When asked by an editor at the New Yorker what non-fiction topic she’d like to write about, Bloom suggested her children or gardening or tennis. Or female to male transsexuals. Guess which one got made into a book? But seriously, her non-fiction book Normal began with a conversation and became an important voice for those in the margins: transsexuals, cross-dressers and hermaphrodites. Bloom often finds herself asking “What’s it to you? Why are people so disarmed about the enormous range of human society?”
“There are pink flowers and blue flowers but if you look around there is such a huge variegated bouquet” – Amy Bloom.
Bloom taught creative writing at Yale and is currently writer in residence at Wesleyan University in Connecticut. Bloom believes you can’t teach talent or experience, but you can teach the difference between a good sentence and a bad one.
“I know better now that a 21-year-old hot mess might just surprise me by coming out with something great at 31 or 41” – Amy Bloom
For the writers in the audience she had sage advice, all of which I scribbled down. She talked of people and language being the most compelling things. To shut up and listen. To write of the stuff that matters to you, in great detail, and to move things along. To write the gap between what people say and what they feel; “the gap between the street and the sidewalk”.
It is fascinating to hear of how a story goes from an idea, an image, to becoming something. Bloom spoke of her “doting Jewish—yet remarkably indifferent—father” lowering his newspaper to tell his 11-year-old daughter about a woman who walked to Russia. Forty years later, the story ended up as Away (2007).
I first discovered Bloom through short story, Silver Water. The image of Violet crouched beside her sister Rose, “huge and white in the moonlight” will stay with me forever (read it!). Silver Water showed me the immense power of the short story. Lucky us, her collected stories comes out later this year. Click through to read my review on her amazing latest book Lucky Us.

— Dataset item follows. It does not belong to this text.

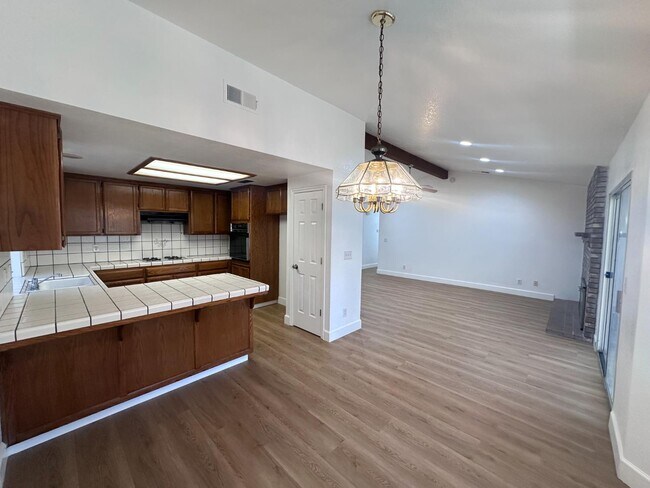 Foto del edificio - 2378 Grapewood Ct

“In a short story a bad sentence stands out like a missing tooth. You don’t have time to recover from that” – Amy Bloom
Okay, so back to those orgies. Carole Beu (The Women’s Bookshop) had a gorgeous rapport with Bloom, and managed to get her to read the entire lesbian orgie scene from Lucky Us. It was hilarious and beautiful and, magnified by Blooms husky drawl, made us all want to be slurping oysters and sipping champagne with Iris and Rose.
Amy Bloom appeared at the Auckland Writers Festival, Friday 16th May, 2015.